GERMANY
MOSEL
Winery
Volcanism in Germany is a complex tale of rift zones, trenches, and hot spots, spanning some 400 million years. There are five main areas that touch wine-growing regions: The Eifel Volcanic Field (Ahr and Mittelrhein), The Wittlischer Senke (Mosel) and Saar-Nahe Senke (Nahe and Rheinhessen), the Upper Rhine Graben (Pfalz) and the Kaiserstuhl Volcanic Complex (Baden). Although relatively close in space, millions of years separate the geological activity that gave rise to the volcanic bedrock found in each area, running the full technicolour range from basalts to porphyry, trachyte and rhyolites.
Volcanics in the Mosel are among Germany’s oldest, nearly 300 million years old infact. The meandering Mosel River loops northward at the village of Ürzig into the Wittlischer Senke, a shallow depression, like a trough on the earth’s surface named after the village of Wittlisch. The trough marks where the earth was pulled apart along a fault, causing a section of crust to sink. Fissures along the edges allowed underlying magma to spill out onto the surface forming silica rich lavas, rhyolites, tuff, and ignimbrite.

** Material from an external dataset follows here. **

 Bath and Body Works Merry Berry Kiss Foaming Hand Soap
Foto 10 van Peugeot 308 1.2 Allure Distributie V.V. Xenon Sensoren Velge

Ürzig is the only Mosel wine-growing village on the rift line, and the spectacular amphitheatre-shaped, ludicrously steep Würzgarten is the only vineyard where volcanic flow mixes with older Devonian slate and sandstone to form blazing red, iron-rich soils. The Ürziger Würzgarten (spice garden of Ürzig) is a ‘‘grosses gewächs’’; planted only to ungrafted Riesling, distinguished from other Mosel Riesling by its typically deeper colour and exotic flavours of mango, peach/apricot, honey, smoke, and spice.